Intervention de Yves Daudigny

Réunion du 10 juillet 2018 à 14h30
Liberté de choisir son avenir professionnel — Article 1er

Photo de Yves DaudignyYves Daudigny :

Monsieur le président, madame la ministre, mes chers collègues, l’article 1er est symptomatique d’une logique qui part de la conception d’un individu seul responsable de son employabilité.

À l’encontre de l’accord national interprofessionnel conclu entre les partenaires sociaux et signé le 22 février dernier, le CPF voit son unité de compte changer : les euros se substituent aux heures.

Or ce projet de loi ne crée aucune garantie quant au volume de formation, et la monétisation entraîne d’abord une diminution mécanique des droits des salariés.

Avec un montant de conversion annoncé de 14 euros pour une heure, alors que le coût moyen d’une heure de formation est aujourd’hui de 37, 80 euros, un salarié bénéficiera demain de 13 heures de formation par an contre 24 actuellement. Pour maintenir ne serait-ce que les droits existants, le CPF devrait être alimenté à hauteur de 912 euros par an.

Selon le secteur d’activité, la certification visée, la formation choisie et le dispositif mobilisé, le coût est très variable. Le prix d’une heure de formation est plus élevé dans le secteur de l’industrie, qui requiert des plateaux techniques, que dans le secteur tertiaire. En fixant un montant unique pour tous, non modulé en fonction des branches professionnelles, la monétisation pénalisera donc certains travailleurs et créera un reste à charge beaucoup plus important. Faute de pouvoir financer ce dernier, le salarié serait contraint de renoncer à son parcours de formation.

De plus, associée à la logique d’accès à la formation en trois clics sur le smartphone, sans intermédiation, la monétisation du CPF présente un risque évident d’inflation des coûts de formation.

Elle fait également courir le risque réel, à moyen ou à long terme, de fongibilité. Les fonds inscrits sur le CPF des personnes, et donc exclusivement dédiés aujourd’hui à la formation professionnelle, pourraient, demain, être orientés vers d’autres objets.

La non-revalorisation annuelle des montants de l’alimentation et du plafond du CPF, selon le taux d’inflation notamment, interroge et inquiète. La revalorisation est aujourd’hui automatiquement opérée avec le CPF en heures.

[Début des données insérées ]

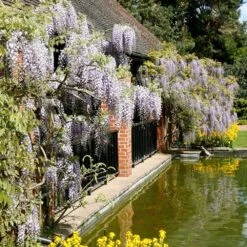 Wisteria Floribunda -Garden Plant Store pl0000001735 card5 lg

Enfin – et ce n’est pas anecdotique –, une personne nouvellement retraitée perd, aujourd’hui, au maximum 400 heures de CPF, comme le prévoit l’accord national interprofessionnel du 22 février 2018. Demain, elle pourrait être conduite à renoncer à 5 000 euros. Cette situation n’a pas le même impact psychologique : elle pourrait créer de la frustration, voire des contentieux et des abus.